# Big Deer



## Brian.Smith (May 18, 2006)

My buddies deer, he got it in Indiana


----------



## Lewis (Apr 5, 2004)

Oh no...not this deer again?????????


----------



## Brian.Smith (May 18, 2006)

Why do you say that, is my buddie messin with me he sent me the picture Sunday.


----------



## kevsworld (Nov 30, 2007)

that guy gets around...


----------



## squid_1 (Jun 2, 2005)

He's not amish by any chance is he? lol!


----------



## Fish-N-Fool (Apr 12, 2004)

Brian - that is the Schumaker (spelling?) buck killed with an X-bow in Ohio last season. For some reason this buck has been floating all over the place with a bunch of different stories attached to it.
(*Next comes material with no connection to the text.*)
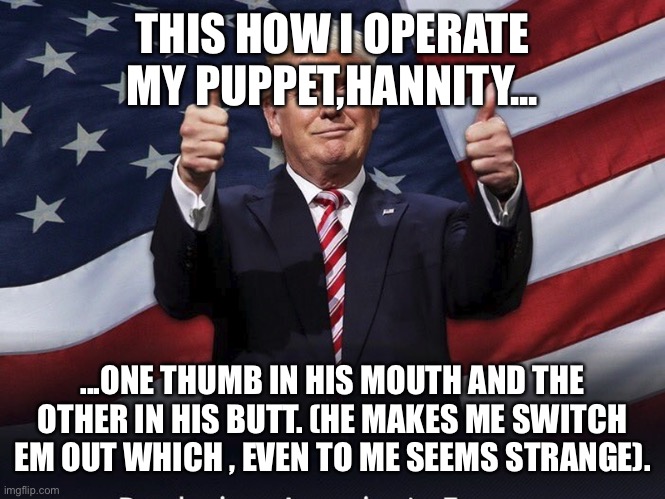 Donald Trump Thumbs Up | THIS HOW I OPERATE MY PUPPET,HANNITY... ...ONE THUMB IN HIS MOUTH AND THE OTHER IN HIS BUTT. (HE MAKES ME SWITCH EM OUT WHICH , EVEN TO ME SEEMS STRANGE). | image tagged in donald trump thumbs up | made w/ Imgflip meme maker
OR, is that my 07 archery season deer?


----------



## Brian.Smith (May 18, 2006)

Thanx guys all this time I thought my friend was my hero, do any of you have the picture of the other deer.


----------



## rossdeerhunter (Nov 6, 2006)

it could be its twin


----------



## crappiebub (Apr 5, 2004)

He didn't happen to also catch a catfish with a basketball in it's mouth did he?  
Here are a couple other posts on that deer.
http://www.ohiogamefishing.com/community/showthread.php?t=83264
http://www.wqbe.com/morningairshow/bigbuck.html


----------



## Brian.Smith (May 18, 2006)

WOW I realy feel like a tool this whole time thinking my buddie got him a big deer. Thanks for the input and pics.


----------



## Fishstix (Aug 16, 2005)

This is hilarious...this deer was killed last year and it is still the topic of discussion.


----------



## Fishman (Apr 5, 2004)

lol this thread delivers


----------



## Hetfieldinn (May 17, 2004)

It's the deer that keeps on giving.


----------



## Shortdrift (Apr 5, 2004)

And giving,,,,and giving,,,,and giving................................


----------